A remarkable group of people who dedicate their lives to helping others. They go above and beyond on a daily basis to make sure not only me but my family are comfortable, that we understand everything that is going on and answer all of our questions if we face uncertainty.

It’s strange because in those eight weeks you can’t help but open up about wider aspects of your life and they too share stories from theirs. It helps us all make sense of the nonsensical, when you hear other people have been through and experienced the same sorts of tragedies as you. We would often hug each other and cry about just how unpredictable life is.

But it’s not all doom and gloom on the ward. Far from it. The best part is the laughs and the trust and bonds we all form which slowly roll into banter towards each other; how ridiculous my hair was looking without a cut and a good wash, the weird pets one nurse insisted on keeping (at home I must stress) the inability of one overly confident nurse to cannulate me first time. We create laughter because well laughter is the best medicine isn’t it?!

I thought my positivity was all but lost during my stay on GH1 but it was the nurses that helped me find a reason to keep going. They should be treated as community’s most precious of gifts. Their work is relentless and it is vital. We need each and every one of them and I have nothing but love and admiration for all of them.

When the day of discharge finally arrived I was beyond relieved. Finally a night in my own bed. It was truly a great feeling to get back out into the world and start to rebuild my life. But if I am sad about one thing being discharged it is leaving the nurses. The close bond you form, if formed anywhere else, would make you friends for life because that is just how good the nurses are. But they have many more patients to carry through their dark times and I know it’s no longer my turn to need them.

Still when chemo comes round I’ll be sure to pop my head in and say hi, and I leave this extended stay knowing that if I am unfortunate enough to need surgery for more blockages, as scared as I will be about the procedure and what it means for my progress, I know the nurses will ensure I’m in great hands.

As for me now, well big gun chemo has started in big gun chemo fashion. It’s completely knocked me for six. The one drug I am particularly fearful of, because historically I had very severe reactions to, still triggers horrific reactions but we are finding improved ways (through the combination of adding other drugs) in which it can be administered to me without causing such traumatic issues.
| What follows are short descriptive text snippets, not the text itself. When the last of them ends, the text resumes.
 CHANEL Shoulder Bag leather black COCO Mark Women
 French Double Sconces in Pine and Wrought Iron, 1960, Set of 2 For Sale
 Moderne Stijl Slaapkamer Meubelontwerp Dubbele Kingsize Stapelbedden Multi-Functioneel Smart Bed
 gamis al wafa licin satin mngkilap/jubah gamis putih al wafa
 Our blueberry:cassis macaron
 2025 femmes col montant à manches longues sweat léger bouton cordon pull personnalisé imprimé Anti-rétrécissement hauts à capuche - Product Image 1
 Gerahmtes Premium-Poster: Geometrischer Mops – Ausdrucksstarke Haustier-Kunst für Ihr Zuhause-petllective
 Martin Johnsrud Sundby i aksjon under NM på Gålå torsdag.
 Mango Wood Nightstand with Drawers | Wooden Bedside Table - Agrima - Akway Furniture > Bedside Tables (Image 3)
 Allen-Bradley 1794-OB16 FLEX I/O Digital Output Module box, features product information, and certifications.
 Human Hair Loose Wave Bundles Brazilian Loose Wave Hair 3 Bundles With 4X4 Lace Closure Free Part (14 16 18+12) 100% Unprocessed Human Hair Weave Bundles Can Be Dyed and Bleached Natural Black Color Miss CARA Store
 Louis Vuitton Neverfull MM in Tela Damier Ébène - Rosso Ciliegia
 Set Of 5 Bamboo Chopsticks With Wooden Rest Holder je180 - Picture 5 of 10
For the time being I will be having chemotherapy as an inpatient once every two weeks as a precaution. This has been a good idea, particularly for the last round as I ended up staying in for a week having spiked a temperature and developing three litres of fluid on my lung that needed draining! Still, hopefully soon my body will adjust and I will learn to take big gun chemo in my stride.

Most importantly perhaps this shows my positivity is returning!